Opened at 2021-09-08T16:09:08Z
Closed at 2021-10-06T20:07:21Z
#3793 closed task (fixed)
allocate_buckets() shouldn't hardcode BucketWriter lifetime as mapping to connections
Reported by: | itamarst | Owned by: | itamarst |
---|---|---|---|
Priority: | normal | Milestone: | HTTP Storage Protocol |
Component: | unknown | Version: | n/a |
Keywords: | Cc: | ||
Launchpad Bug: |
Description (last modified by itamarst)
Original issue: Currently, if you allocate buckets twice with the same inputs, without writing to any buckets, the result is (allocated = empty set(), writeable buckets = empty dict()). This is wrong, each share number should always be one of the two categories.
Later decided the above is wrong, but the more fundamental point is that HTTP has no concept of connections, so we shouldn't tie BucketWriter lifetime to connections. See below comment 4 for the plan for updating these semantics.
Change History (8)
comment:1 Changed at 2021-09-17T14:21:07Z by exarkun
comment:2 Changed at 2021-09-17T18:00:21Z by itamarst
So there's the case where someone else might write different data; basically a security attack by predicting keys somehow based on knowing person A will upload file F. I'm going to assume that's out of scope and either is not possible or will get fixed some other way
There's also the case where a person starts uploading file A, that fails half-way, and they decide to upload file B instead. As far as I can tell this ... won't happen due to the way storage indexes are generated.

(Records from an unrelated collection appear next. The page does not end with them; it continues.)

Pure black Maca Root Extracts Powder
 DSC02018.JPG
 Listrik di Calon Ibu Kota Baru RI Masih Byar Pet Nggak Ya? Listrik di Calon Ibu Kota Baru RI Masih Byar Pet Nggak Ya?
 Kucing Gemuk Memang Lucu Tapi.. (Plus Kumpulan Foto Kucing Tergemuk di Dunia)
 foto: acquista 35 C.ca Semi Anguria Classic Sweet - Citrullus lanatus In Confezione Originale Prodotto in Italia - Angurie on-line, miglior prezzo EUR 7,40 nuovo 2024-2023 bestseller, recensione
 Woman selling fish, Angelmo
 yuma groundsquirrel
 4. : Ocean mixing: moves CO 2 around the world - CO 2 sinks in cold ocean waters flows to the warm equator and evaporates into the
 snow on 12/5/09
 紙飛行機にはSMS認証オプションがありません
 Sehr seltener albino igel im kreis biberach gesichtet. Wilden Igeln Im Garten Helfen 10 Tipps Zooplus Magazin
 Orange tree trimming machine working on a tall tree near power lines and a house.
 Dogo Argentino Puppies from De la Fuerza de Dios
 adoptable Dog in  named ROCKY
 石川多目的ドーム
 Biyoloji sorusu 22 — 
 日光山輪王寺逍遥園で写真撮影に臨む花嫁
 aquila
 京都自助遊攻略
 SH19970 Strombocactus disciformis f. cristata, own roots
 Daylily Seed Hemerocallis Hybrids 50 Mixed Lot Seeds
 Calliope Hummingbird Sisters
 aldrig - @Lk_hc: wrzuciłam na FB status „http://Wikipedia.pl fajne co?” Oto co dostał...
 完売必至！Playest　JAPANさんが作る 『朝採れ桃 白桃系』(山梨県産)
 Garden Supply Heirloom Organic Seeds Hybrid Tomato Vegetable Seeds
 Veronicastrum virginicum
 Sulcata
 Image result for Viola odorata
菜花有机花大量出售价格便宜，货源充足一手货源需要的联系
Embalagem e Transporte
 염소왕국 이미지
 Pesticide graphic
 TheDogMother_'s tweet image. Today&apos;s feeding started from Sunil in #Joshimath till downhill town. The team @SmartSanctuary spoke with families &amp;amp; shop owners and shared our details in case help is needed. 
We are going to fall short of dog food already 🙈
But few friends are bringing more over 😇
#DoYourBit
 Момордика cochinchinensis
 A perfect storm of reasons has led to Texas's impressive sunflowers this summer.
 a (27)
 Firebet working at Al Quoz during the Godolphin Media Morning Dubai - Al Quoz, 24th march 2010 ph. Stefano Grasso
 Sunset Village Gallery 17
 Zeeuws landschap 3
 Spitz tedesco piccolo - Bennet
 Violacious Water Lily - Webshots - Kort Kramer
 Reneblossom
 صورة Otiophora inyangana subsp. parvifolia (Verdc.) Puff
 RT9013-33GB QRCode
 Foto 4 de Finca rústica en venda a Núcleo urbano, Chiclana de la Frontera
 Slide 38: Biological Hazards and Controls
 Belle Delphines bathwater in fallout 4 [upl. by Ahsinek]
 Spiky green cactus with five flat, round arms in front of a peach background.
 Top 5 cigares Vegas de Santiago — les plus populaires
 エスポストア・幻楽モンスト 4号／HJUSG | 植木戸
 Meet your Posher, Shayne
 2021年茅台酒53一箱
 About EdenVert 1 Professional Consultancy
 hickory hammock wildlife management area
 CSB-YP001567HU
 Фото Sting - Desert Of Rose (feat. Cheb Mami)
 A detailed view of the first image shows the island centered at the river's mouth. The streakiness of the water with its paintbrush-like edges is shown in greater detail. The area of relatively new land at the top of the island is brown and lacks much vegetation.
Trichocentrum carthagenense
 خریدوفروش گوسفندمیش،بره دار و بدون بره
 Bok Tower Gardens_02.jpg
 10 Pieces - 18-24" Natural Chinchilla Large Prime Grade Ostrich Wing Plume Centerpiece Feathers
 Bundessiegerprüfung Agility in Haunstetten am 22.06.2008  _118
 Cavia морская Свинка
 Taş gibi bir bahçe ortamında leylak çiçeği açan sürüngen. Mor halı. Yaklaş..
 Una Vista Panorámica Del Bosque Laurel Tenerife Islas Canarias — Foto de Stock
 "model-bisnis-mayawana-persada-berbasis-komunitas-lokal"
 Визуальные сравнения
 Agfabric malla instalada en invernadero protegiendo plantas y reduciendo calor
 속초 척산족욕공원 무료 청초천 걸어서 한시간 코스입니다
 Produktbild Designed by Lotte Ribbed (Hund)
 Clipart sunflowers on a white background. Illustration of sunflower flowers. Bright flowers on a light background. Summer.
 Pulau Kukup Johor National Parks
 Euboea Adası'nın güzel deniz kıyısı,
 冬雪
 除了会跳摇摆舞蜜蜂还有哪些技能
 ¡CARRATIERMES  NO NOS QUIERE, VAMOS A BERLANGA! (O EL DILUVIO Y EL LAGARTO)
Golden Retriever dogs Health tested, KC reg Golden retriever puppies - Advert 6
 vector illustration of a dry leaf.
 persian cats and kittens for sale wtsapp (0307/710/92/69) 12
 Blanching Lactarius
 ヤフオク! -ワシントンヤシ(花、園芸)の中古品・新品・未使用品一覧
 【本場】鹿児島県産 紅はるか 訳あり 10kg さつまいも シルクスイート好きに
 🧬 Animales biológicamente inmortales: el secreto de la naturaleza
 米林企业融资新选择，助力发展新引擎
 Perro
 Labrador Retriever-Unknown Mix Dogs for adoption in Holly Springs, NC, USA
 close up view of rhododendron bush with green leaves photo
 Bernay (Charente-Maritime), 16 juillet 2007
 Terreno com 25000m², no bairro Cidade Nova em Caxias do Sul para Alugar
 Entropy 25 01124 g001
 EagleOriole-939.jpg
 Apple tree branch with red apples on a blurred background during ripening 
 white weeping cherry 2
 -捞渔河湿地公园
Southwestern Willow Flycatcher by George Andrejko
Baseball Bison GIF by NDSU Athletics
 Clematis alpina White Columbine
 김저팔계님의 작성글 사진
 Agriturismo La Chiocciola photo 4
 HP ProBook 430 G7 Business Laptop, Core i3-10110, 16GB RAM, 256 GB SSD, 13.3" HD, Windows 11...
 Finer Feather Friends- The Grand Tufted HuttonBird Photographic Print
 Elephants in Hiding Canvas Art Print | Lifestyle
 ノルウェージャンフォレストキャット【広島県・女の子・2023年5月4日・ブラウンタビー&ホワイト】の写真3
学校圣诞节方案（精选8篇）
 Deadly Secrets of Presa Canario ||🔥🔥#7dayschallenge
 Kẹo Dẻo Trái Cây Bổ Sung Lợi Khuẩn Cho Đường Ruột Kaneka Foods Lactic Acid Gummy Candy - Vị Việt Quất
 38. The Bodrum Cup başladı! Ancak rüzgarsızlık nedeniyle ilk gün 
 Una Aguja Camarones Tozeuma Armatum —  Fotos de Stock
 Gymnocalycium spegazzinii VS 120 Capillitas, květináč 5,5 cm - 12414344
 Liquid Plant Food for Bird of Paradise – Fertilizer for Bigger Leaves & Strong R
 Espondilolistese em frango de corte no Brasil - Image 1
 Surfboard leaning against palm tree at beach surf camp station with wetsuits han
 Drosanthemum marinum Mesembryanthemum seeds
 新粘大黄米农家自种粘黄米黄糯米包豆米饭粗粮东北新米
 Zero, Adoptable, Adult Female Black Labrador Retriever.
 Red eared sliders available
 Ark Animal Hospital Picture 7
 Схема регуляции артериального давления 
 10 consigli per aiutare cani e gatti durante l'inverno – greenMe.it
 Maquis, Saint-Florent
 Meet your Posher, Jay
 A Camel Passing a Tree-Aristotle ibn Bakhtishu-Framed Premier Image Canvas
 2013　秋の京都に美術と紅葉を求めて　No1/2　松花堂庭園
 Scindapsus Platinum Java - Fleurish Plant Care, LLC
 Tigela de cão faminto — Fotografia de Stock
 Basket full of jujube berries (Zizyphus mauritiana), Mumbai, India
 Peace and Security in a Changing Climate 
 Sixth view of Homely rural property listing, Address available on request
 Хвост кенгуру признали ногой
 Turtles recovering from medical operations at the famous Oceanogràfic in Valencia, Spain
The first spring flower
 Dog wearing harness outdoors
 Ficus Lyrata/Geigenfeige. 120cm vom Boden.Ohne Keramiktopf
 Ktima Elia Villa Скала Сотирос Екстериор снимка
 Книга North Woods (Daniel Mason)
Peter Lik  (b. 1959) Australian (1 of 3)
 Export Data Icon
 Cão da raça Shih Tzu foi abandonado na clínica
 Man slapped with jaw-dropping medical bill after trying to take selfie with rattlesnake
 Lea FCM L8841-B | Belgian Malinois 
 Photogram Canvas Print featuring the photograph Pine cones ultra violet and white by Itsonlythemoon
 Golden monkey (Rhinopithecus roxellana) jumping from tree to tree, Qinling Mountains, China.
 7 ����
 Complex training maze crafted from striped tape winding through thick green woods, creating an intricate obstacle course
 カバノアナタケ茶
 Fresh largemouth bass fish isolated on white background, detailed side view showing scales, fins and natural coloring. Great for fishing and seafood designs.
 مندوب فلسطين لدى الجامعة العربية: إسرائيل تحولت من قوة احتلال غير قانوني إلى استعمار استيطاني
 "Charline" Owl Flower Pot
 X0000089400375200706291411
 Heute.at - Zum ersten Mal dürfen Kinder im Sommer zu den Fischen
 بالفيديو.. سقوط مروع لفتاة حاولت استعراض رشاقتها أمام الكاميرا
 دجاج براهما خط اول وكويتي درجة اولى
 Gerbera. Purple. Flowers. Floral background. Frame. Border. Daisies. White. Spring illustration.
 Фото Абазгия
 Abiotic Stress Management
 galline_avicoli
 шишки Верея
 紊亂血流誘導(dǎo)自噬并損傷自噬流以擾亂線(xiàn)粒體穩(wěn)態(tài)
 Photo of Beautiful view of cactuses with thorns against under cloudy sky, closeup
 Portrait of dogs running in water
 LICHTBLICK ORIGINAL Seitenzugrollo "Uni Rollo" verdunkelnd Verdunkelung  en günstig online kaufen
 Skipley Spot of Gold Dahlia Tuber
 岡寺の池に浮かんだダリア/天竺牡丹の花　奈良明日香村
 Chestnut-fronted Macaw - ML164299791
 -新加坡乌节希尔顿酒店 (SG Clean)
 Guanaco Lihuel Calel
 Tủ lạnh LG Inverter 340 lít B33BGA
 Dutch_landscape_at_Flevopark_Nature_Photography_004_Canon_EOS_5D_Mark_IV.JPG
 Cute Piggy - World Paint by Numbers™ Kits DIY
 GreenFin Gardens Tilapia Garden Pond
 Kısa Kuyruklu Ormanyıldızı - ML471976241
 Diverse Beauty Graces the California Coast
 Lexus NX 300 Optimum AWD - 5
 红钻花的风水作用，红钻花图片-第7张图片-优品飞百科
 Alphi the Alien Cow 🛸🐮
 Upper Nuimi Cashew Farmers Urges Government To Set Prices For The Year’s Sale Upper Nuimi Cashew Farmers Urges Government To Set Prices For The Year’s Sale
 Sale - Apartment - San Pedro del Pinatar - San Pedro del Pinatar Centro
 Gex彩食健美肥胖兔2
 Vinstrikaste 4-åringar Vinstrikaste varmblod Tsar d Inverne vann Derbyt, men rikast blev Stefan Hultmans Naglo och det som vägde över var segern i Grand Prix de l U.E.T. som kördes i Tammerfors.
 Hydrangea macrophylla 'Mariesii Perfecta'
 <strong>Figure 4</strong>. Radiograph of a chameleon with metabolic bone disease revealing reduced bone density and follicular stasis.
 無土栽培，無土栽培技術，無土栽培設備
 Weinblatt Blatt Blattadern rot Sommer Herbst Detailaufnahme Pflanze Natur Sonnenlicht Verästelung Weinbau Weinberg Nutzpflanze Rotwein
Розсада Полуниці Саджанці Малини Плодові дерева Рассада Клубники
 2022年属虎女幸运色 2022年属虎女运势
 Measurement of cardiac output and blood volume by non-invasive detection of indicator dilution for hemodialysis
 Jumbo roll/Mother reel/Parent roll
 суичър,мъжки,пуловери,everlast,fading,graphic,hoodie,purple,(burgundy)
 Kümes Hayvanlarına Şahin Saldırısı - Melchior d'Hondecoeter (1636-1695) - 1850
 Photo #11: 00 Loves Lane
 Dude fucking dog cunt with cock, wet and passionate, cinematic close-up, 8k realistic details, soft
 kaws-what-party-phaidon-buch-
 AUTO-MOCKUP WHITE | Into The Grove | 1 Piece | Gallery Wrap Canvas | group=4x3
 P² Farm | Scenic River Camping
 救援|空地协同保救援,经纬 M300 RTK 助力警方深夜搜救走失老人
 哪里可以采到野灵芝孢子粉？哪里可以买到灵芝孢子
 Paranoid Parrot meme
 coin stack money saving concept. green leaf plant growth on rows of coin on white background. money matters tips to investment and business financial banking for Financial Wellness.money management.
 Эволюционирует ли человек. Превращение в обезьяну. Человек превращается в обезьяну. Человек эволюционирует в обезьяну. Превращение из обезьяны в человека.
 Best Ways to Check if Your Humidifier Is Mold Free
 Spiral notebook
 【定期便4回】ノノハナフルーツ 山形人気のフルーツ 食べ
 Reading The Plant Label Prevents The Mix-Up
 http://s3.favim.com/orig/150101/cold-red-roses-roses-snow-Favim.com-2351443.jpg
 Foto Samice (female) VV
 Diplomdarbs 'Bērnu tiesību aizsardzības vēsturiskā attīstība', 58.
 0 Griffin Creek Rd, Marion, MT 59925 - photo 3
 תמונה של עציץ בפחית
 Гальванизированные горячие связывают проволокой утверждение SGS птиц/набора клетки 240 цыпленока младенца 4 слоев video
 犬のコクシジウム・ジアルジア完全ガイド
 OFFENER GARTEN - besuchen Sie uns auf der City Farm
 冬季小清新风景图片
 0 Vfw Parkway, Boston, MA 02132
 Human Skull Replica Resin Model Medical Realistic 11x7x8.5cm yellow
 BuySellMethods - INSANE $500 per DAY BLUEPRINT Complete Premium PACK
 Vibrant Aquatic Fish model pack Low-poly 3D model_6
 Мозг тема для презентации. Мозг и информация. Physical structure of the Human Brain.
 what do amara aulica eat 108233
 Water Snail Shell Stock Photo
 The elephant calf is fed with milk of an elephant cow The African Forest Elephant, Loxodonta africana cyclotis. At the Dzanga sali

So that just leaves the case of uploading file A, and then later trying again with file A. Given uploading the same file, with no changes, idempotent operations seem just fine, ideal in fact.
And HTTP needs to support multiple immutable.ShareFile instances in parallel, otherwise you can't do parallel uploads.
I therefore propose:
- Allow parallel uploads by multiple clients or connections.
- Implement write-last semantics.
- Half-finished uploads get expired by a timeout, e.g. 48 hours (should be long enough that a prospective client has long since given up).
comment:3 Changed at 2021-09-23T17:33:26Z by itamarst
Another problem: in Foolscap, there's notifyOnDisconnect such that if connection is lost, the BucketWriter? aborts itself. In HTTP this doesn't exist, so there is a new state: a half-finished BucketWriter? with no connection? Or maybe it's the same and it's just an "infinite" connection and it's fine.
comment:4 Changed at 2021-09-28T16:47:00Z by itamarst
New plan, summarized and somewhat modified from #3801.
- There is a single, persistent BucketWriter whose lifetime is no longer tied to the connection lifetime.
- Cancellation has 30-minute timeout.
- allocate_buckets() maintains same external behavior.
- Foolscap connections specifically still preserve current semantics, for backwards compat with existing clients: disconnection causes cancellation.
comment:5 Changed at 2021-09-29T17:51:51Z by itamarst
Decided to move timeouts to different issue, #3807, since it'll be easier to do when we have actual HTTP uploads (and might want additional refactoring).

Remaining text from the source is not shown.